This project is extending PhD research that is improving methodological implementation of a global-scale artificial intelligence model for analysing the impacts of bushfires, detecting the pre- and post-bushfire phase, tracking fires and sharing useful information with the stakeholder community to mitigate deadly impacts.
The spatial and temporal dataset will be collected from the repository using Mendeley or Kaggle platform for thermal infrared images. This computational complex dataset is then fed to the high-end computing Artificial Intelligence based architecture, analysing different algorithms and developing sensors. The dataset will leverage different state-of-the-art Deep Leaning (DL) algorithms by providing a global platform for training, validation and testing the thermal infrared images to further analyse the impact of Bushfire fire on land, ecosystem and communities.

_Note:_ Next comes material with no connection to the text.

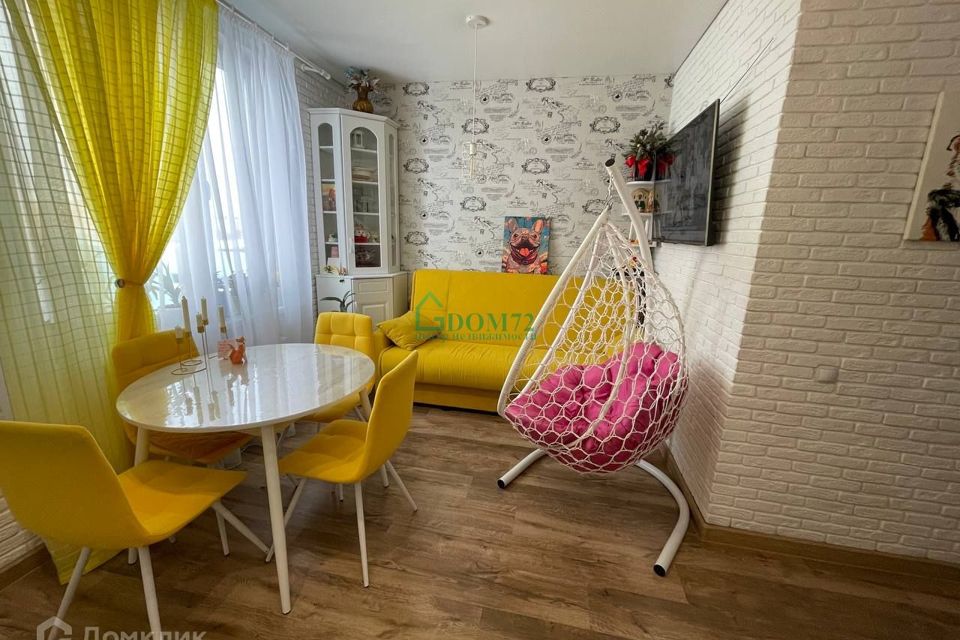 Продаётся 2-комнатная квартира, 56.9 м²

Low power IoT based sensors can be deployed to detect the spread of these fires before it spreads to a wider area during pre-phase detection. Successful completion of this project will lead to unprecedented opportunities to reduce the impact of bushfires on air quality, water, land surface changes and ecology and provides future insight to identify the risk of landslide and communicate with the stakeholder and public.
To address this problem, the Airborne Sensor Facility can provide the instrument for the acquisition to capture thermal images dataset and the complex computation can than be performed in the high-end computation platform. For the said purpose, different state-of-the-art DL algorithms can be trained over the dataset to further enhance the detection accuracy and reduce the false alarms. This will save the infrastructure and communities by timely detecting the affected bushfire area and notify the emergency relief team, thus saving from huge economic loss.